Considerations when Choosing a Technology

Each and every technology presented here has its drawbacks. When choosing a technology, you should carefully consider your needs, the services you expose, and the objects you send over the wire.

When using RMI, you cannot access the objects through the HTTP protocol, unless you tunnel the RMI traffic. RMI is a fairly heavy-weight protocol, in that it supports full-object serialization, which is important when you use a complex data model that needs serialization over the wire. However, RMI-JRMP is tied to Java clients. It is a Java-to-Java remoting solution.

Spring’s HTTP invoker is a good choice if you need HTTP-based remoting but also rely on Java serialization. It shares the basic infrastructure with RMI invokers but uses HTTP as transport. Note that HTTP invokers are not limited only to Java-to-Java remoting but also to Spring on both the client and the server side. (The latter also applies to Spring’s RMI invoker for non-RMI interfaces.)

Hessian might provide significant value when operating in a heterogeneous environment, because they explicitly allow for non-Java clients. However, non-Java support is still limited. Known issues include the serialization of Hibernate objects in combination with lazily-initialized collections. If you have such a data model, consider using RMI or HTTP invokers instead of Hessian.

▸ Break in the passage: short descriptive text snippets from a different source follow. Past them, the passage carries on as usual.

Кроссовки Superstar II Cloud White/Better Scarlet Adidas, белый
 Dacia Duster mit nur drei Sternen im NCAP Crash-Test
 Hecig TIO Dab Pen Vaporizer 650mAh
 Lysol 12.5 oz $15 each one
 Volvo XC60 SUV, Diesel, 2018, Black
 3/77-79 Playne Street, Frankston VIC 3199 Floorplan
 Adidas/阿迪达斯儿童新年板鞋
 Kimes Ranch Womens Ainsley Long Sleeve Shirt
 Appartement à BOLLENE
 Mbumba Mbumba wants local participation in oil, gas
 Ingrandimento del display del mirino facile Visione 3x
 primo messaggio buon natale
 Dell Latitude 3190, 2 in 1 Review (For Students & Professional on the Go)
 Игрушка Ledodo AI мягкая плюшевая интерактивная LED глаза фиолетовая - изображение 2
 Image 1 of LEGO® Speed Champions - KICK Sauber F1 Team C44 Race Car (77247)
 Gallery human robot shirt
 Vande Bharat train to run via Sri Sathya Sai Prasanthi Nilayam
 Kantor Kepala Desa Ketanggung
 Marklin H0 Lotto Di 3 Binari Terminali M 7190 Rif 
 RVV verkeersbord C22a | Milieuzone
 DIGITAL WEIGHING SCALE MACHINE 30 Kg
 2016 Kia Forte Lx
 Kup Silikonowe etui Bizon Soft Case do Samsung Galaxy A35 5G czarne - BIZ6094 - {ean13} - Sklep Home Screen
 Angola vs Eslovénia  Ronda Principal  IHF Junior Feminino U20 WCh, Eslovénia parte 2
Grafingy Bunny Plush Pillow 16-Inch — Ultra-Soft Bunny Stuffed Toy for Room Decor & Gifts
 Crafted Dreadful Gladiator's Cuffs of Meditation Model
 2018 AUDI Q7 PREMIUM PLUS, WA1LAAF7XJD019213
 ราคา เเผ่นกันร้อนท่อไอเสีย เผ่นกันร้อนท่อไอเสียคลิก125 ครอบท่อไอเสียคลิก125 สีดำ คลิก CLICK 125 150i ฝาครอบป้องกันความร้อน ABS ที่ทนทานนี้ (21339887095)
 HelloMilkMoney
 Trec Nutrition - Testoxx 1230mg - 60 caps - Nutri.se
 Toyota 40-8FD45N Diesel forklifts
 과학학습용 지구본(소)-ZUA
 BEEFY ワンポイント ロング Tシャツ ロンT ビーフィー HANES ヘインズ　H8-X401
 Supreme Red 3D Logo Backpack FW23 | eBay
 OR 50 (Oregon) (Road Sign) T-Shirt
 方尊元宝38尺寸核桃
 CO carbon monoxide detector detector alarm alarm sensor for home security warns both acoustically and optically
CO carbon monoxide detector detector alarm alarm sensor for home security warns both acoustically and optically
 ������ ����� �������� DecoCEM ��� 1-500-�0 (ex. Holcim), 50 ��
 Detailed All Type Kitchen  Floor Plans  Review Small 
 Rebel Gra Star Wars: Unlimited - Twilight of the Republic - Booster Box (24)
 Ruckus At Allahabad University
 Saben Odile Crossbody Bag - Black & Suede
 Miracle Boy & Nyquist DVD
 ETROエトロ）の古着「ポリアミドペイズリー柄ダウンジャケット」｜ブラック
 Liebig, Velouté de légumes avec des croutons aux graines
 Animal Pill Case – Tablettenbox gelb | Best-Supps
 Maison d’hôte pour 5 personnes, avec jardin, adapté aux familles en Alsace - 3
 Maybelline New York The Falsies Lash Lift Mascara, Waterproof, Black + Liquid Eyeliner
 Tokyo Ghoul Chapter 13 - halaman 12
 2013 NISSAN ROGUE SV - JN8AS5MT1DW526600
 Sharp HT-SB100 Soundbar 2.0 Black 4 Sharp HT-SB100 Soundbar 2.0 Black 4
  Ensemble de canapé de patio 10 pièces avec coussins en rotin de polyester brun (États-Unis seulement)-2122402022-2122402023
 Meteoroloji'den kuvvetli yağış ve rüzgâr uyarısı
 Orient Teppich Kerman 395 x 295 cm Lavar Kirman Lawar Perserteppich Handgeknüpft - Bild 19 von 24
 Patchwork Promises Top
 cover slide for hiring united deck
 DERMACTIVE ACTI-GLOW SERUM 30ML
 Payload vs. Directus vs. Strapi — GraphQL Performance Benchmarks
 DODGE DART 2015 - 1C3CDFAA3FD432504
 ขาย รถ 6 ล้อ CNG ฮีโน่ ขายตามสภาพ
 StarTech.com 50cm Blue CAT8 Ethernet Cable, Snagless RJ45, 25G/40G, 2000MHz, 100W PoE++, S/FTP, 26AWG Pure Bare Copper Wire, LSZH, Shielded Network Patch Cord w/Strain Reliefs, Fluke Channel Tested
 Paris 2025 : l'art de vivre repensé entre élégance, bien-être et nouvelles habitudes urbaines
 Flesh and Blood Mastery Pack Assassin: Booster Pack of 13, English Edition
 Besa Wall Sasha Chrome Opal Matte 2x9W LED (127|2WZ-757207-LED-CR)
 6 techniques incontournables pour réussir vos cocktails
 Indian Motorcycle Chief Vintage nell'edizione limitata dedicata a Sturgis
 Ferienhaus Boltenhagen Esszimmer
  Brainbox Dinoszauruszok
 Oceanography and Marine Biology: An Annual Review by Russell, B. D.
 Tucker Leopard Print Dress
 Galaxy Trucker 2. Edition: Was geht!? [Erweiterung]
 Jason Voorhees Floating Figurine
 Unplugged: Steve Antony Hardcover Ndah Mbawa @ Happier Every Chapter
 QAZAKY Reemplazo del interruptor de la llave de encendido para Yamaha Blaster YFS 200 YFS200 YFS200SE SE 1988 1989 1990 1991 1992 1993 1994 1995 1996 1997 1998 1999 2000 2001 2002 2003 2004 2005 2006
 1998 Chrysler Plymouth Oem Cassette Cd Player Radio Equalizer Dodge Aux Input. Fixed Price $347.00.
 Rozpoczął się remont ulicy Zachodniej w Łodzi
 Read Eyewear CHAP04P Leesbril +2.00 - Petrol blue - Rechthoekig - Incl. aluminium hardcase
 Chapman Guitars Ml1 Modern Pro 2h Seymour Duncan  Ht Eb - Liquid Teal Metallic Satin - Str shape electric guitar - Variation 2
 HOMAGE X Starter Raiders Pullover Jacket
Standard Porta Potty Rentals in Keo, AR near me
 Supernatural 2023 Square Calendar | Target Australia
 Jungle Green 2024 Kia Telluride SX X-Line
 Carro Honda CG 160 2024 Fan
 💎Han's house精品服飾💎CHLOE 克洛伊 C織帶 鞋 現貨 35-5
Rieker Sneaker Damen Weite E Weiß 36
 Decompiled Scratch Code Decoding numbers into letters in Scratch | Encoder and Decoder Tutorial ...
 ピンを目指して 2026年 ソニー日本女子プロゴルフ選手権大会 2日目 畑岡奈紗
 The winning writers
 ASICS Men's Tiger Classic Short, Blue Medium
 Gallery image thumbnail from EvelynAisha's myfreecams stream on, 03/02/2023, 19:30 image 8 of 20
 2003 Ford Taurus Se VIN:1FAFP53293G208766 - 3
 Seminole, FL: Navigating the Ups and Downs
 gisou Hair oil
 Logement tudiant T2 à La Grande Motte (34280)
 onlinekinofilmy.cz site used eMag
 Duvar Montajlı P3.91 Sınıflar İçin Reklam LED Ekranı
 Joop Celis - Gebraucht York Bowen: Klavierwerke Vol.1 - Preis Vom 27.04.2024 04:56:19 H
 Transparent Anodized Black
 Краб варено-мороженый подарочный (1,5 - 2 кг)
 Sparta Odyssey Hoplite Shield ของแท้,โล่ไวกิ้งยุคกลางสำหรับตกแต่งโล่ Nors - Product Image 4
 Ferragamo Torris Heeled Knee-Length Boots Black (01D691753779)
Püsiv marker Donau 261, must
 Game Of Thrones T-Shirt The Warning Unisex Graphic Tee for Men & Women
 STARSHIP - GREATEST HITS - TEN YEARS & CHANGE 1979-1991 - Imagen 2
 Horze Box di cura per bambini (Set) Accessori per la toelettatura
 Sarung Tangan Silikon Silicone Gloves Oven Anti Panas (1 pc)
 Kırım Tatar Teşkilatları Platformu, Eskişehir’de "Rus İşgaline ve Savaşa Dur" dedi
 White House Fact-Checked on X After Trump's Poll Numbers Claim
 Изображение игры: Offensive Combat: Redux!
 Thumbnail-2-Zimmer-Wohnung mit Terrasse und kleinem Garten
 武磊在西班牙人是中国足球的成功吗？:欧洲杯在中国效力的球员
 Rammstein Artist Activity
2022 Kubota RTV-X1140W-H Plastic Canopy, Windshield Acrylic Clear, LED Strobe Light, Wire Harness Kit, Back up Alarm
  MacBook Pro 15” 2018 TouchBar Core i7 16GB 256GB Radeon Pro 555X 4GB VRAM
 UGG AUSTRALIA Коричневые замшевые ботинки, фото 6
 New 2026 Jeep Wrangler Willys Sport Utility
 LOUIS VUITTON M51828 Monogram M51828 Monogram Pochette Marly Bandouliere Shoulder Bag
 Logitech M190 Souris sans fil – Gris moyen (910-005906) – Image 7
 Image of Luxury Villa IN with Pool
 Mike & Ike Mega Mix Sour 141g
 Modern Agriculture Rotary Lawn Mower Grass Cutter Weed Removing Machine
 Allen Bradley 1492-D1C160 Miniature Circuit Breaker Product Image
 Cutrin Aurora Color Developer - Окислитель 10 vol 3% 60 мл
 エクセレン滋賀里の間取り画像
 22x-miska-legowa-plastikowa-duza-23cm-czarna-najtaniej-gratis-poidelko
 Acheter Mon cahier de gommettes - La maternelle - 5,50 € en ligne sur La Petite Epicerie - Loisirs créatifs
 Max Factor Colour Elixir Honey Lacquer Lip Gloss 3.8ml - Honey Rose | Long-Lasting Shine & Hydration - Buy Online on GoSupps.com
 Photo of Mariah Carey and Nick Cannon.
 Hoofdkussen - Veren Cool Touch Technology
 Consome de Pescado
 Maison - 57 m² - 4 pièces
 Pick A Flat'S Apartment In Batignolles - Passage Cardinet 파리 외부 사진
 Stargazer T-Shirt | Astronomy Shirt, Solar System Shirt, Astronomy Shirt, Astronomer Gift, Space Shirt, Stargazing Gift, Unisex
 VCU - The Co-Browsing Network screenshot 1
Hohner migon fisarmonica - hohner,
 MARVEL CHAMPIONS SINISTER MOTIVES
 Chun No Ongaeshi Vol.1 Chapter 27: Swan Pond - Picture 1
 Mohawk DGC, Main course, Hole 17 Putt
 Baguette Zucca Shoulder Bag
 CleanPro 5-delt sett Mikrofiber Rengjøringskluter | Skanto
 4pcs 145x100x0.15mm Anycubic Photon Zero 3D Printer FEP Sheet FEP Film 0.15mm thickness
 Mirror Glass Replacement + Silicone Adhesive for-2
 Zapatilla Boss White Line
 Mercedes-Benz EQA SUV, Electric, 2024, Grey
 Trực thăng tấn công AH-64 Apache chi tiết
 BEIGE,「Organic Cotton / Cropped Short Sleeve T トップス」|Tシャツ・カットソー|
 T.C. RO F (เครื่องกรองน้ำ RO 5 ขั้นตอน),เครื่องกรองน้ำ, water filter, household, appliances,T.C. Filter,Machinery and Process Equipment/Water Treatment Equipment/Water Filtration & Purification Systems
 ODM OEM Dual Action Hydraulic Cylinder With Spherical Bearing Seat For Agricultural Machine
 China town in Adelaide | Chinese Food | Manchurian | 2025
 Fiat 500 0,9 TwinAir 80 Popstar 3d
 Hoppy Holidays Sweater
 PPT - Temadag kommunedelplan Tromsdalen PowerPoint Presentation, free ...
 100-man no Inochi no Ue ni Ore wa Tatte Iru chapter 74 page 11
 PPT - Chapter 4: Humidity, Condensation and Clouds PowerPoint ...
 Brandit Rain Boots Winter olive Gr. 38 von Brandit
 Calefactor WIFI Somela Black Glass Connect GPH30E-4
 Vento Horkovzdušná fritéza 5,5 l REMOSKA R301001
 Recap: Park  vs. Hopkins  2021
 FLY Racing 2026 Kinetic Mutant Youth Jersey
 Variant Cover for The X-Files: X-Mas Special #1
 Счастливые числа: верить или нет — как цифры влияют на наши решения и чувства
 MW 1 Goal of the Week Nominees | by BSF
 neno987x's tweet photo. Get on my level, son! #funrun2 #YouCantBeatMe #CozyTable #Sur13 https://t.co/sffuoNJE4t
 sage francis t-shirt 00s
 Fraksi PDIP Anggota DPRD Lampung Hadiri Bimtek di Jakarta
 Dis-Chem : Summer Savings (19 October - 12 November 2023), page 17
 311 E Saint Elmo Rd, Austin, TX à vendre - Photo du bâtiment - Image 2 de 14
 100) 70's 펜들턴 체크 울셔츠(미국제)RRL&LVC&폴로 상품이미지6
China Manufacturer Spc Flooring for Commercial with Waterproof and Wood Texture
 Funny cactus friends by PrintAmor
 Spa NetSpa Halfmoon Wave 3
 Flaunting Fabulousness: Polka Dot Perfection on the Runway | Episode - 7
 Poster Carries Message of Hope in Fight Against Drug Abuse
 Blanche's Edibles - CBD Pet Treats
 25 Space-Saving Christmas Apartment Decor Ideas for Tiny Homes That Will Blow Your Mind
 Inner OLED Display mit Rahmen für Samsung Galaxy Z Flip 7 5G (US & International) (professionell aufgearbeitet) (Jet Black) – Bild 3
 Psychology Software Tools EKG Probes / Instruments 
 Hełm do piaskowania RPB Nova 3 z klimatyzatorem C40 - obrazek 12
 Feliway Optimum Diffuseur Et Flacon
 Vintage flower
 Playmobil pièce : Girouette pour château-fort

JMS can be useful for providing clusters of services and letting the JMS broker take care of load balancing, discovery, and auto-failover. By default, Java serialization is used for JMS remoting, but the JMS provider could use a different mechanism for the wire formatting, such as XStream to let servers be implemented in other technologies.

Last but not least, EJB has an advantage over RMI, in that it supports standard role-based authentication and authorization and remote transaction propagation. It is possible to get RMI invokers or HTTP invokers to support security context propagation as well, although this is not provided by core Spring. Spring offers only appropriate hooks for plugging in third-party or custom solutions.